··· DATA IN THIS EXERCISE

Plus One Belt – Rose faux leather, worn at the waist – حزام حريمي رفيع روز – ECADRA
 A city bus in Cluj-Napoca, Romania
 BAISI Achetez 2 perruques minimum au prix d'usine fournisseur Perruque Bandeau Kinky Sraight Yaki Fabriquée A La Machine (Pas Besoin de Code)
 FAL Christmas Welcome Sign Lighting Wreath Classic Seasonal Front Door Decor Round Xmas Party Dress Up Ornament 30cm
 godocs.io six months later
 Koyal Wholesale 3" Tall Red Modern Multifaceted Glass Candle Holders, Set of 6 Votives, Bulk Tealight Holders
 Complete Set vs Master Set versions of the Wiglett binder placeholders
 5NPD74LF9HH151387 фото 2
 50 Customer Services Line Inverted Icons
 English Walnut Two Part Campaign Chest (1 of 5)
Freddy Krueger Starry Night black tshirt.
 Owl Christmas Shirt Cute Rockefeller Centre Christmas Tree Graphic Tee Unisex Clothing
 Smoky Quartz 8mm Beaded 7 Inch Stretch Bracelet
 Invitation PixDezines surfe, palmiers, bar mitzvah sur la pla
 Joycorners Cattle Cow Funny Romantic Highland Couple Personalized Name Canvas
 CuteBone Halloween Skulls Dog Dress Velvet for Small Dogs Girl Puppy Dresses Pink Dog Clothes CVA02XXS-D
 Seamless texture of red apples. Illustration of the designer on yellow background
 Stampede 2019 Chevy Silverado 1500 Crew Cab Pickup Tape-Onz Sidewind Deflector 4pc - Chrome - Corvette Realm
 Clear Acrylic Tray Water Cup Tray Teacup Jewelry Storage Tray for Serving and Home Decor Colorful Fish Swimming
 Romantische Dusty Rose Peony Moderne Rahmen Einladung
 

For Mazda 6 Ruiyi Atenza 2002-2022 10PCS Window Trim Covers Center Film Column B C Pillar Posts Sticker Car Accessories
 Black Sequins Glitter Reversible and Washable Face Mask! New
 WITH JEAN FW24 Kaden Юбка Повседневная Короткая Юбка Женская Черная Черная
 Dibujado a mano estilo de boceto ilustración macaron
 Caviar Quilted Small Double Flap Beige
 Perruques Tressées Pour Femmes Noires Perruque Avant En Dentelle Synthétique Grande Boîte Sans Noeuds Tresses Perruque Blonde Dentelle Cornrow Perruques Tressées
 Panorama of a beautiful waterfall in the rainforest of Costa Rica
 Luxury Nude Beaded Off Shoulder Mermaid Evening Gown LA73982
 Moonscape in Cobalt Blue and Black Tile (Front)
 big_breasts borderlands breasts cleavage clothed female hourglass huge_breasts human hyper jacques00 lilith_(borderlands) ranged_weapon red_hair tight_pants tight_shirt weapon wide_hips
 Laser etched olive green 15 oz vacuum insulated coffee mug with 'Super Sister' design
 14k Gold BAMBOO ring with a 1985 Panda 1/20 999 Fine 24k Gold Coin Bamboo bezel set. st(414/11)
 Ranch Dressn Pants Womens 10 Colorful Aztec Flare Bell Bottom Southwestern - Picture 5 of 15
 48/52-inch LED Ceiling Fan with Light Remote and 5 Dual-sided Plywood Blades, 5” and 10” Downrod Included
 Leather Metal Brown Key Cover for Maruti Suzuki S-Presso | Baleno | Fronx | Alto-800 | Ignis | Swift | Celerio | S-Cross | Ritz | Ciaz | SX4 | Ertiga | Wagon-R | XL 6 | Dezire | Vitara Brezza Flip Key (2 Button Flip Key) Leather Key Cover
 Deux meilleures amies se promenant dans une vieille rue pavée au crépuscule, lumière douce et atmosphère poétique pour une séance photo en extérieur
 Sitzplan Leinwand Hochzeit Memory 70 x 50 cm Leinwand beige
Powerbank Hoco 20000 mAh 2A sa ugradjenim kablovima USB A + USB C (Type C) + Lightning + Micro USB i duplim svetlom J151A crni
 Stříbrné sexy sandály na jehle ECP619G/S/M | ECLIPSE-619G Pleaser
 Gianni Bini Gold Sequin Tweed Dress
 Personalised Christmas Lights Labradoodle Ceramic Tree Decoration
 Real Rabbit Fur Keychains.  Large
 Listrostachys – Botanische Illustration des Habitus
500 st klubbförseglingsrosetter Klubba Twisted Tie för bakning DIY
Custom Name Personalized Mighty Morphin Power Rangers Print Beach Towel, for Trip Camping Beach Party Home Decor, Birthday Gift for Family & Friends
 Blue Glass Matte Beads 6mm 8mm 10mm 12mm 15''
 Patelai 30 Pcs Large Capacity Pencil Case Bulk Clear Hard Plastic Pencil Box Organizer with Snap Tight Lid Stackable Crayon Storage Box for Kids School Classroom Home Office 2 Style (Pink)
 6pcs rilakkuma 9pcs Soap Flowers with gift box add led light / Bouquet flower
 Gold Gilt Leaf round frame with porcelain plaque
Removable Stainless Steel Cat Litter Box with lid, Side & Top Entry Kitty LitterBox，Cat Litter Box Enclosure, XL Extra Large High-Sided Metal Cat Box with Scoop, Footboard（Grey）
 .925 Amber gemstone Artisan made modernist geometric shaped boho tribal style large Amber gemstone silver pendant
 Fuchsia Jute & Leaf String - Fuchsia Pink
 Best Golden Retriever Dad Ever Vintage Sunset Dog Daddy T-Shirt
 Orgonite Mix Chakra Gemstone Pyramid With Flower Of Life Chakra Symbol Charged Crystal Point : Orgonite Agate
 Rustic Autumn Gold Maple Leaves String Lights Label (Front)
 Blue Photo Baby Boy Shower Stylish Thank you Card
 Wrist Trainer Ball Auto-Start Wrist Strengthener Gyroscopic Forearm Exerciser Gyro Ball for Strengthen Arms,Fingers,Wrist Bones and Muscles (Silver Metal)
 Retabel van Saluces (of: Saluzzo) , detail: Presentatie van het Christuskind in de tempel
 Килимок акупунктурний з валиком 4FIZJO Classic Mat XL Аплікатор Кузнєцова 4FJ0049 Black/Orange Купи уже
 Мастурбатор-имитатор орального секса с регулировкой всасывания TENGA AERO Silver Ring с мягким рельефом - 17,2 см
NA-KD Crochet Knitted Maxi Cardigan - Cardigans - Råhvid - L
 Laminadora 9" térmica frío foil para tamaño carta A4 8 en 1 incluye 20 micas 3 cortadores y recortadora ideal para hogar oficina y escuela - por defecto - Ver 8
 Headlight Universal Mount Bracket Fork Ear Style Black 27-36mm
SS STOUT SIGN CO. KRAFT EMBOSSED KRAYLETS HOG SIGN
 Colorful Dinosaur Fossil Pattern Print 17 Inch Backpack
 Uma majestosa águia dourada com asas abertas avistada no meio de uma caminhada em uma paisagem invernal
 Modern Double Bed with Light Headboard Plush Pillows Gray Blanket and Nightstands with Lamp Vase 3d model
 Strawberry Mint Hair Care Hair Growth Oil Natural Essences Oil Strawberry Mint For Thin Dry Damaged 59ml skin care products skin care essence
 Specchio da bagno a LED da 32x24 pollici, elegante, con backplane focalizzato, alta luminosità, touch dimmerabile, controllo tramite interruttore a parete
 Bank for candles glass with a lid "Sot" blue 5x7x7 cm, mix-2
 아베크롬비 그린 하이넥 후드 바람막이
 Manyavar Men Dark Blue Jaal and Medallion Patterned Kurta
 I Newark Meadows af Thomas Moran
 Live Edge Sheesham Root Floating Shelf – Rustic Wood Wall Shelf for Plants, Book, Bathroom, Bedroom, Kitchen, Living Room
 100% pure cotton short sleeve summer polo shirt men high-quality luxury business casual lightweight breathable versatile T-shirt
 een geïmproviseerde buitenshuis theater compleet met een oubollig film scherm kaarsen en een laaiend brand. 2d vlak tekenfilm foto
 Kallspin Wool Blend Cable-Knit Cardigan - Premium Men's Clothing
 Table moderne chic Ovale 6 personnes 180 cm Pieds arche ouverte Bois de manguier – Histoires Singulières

······

WHAT TO DO >> Look back at the data above. Transcribe exactly the lines starting at the line that contains "FAL Christmas Welcome" and ending at the line that contains "big_breasts borderlands breasts".

ANSWER BOX >>
 FAL Christmas Welcome Sign Lighting Wreath Classic Seasonal Front Door Decor Round Xmas Party Dress Up Ornament 30cm
 godocs.io six months later
 Koyal Wholesale 3" Tall Red Modern Multifaceted Glass Candle Holders, Set of 6 Votives, Bulk Tealight Holders
 Complete Set vs Master Set versions of the Wiglett binder placeholders
 5NPD74LF9HH151387 фото 2
 50 Customer Services Line Inverted Icons
 English Walnut Two Part Campaign Chest (1 of 5)
Freddy Krueger Starry Night black tshirt.
 Owl Christmas Shirt Cute Rockefeller Centre Christmas Tree Graphic Tee Unisex Clothing
 Smoky Quartz 8mm Beaded 7 Inch Stretch Bracelet
 Invitation PixDezines surfe, palmiers, bar mitzvah sur la pla
 Joycorners Cattle Cow Funny Romantic Highland Couple Personalized Name Canvas
 CuteBone Halloween Skulls Dog Dress Velvet for Small Dogs Girl Puppy Dresses Pink Dog Clothes CVA02XXS-D
 Seamless texture of red apples. Illustration of the designer on yellow background
 Stampede 2019 Chevy Silverado 1500 Crew Cab Pickup Tape-Onz Sidewind Deflector 4pc - Chrome - Corvette Realm
 Clear Acrylic Tray Water Cup Tray Teacup Jewelry Storage Tray for Serving and Home Decor Colorful Fish Swimming
 Romantische Dusty Rose Peony Moderne Rahmen Einladung
 

For Mazda 6 Ruiyi Atenza 2002-2022 10PCS Window Trim Covers Center Film Column B C Pillar Posts Sticker Car Accessories
 Black Sequins Glitter Reversible and Washable Face Mask! New
 WITH JEAN FW24 Kaden Юбка Повседневная Короткая Юбка Женская Черная Черная
 Dibujado a mano estilo de boceto ilustración macaron
 Caviar Quilted Small Double Flap Beige
 Perruques Tressées Pour Femmes Noires Perruque Avant En Dentelle Synthétique Grande Boîte Sans Noeuds Tresses Perruque Blonde Dentelle Cornrow Perruques Tressées
 Panorama of a beautiful waterfall in the rainforest of Costa Rica
 Luxury Nude Beaded Off Shoulder Mermaid Evening Gown LA73982
 Moonscape in Cobalt Blue and Black Tile (Front)
 big_breasts borderlands breasts cleavage clothed female hourglass huge_breasts human hyper jacques00 lilith_(borderlands) ranged_weapon red_hair tight_pants tight_shirt weapon wide_hips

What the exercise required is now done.